A system for predicting scientific impact over time?

Peer-Reviewed Publication

American Association for the Advancement of Science (AAAS)

A System for Predicting Scientific Impact Over Time?

image: This set of visualizations represents the career of a scientist as a line, where each bump represents the impact (number of citations) of a paper. The larger the bump, the bigger the impact. When looking at thousands of these lines we see that success is randomly distributed within careers -- the highest impact publication could be the first publication, could appear midcareer or could be a scientist's last publication. This random impact rule holds true for scientists who work alone, in groups, in different disciplines, in different decades, and for different lengths of time. view more 

Credit: Image by Kim Albrecht, data image by Roberta Sinatra

The impact a scientist will have in their lifetime is distributed randomly over the sequence of studies they publish, according to a new study. This phenomenon can be described by a simple model in which a scientist's impact is a function of factors including productivity and ability, the study goes on to show.
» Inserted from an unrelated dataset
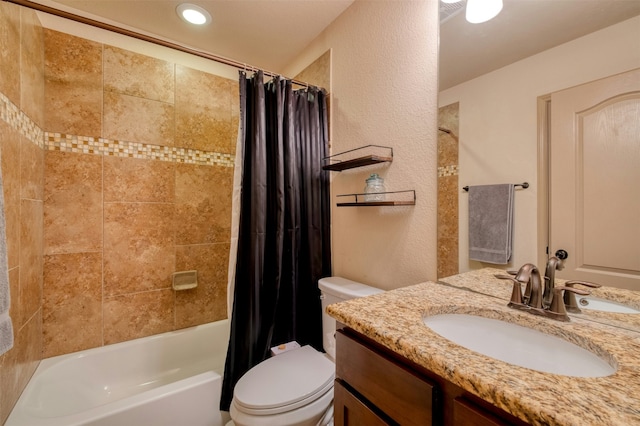 full bathroom featuring toilet, vanity, and shower / tub combo with curtain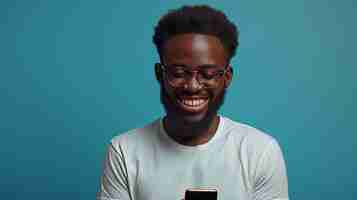 Photo this is an image of a happy africanamerican millennial guy holding a smartphone looking at the gadget screen and smiling on a blue studio background information about black men gambling and gaming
Previous research on creativity has suggested that major discoveries come early in a career, after which chances of making a breakthrough drop quickly, perhaps due to waning ingenuity or increased administrative duties. In reality, though, little is known about just how scientific impact emerges and changes over time. Here, to better understand this space, Roberta Sinatra and colleagues analyzed the careers of thousands of scientists, focusing on their scientific publications. The team's evaluation confirmed that many scientists publish their most creative and defining work within two decades of starting careers, as has been thought, but it also showed that productivity exhibits this same early peak, suggesting that influential scientific thinkers break through at younger stages not because youth is intertwined with creativity but because youthful scientists produce more work early in their career. To further explore the roots of creative success without productivity, or age, as factors, the researchers arranged every paper the scientists had published in chronological order, asking if the highest impact paper was among the earliest, or otherwise. The highest impact papers were rarely the scientists' earliest ones, they found. Instead, the biggest hits were completely random. This random impact rule allowed the researchers to develop a model to predict career impact based on an element of randomness, scientist productivity, and a factor Q particular to each scientist. Their results, which will contribute to ongoing dialogues about how to gauge an individual scientist's potential, suggest that scientific success can be had at any age.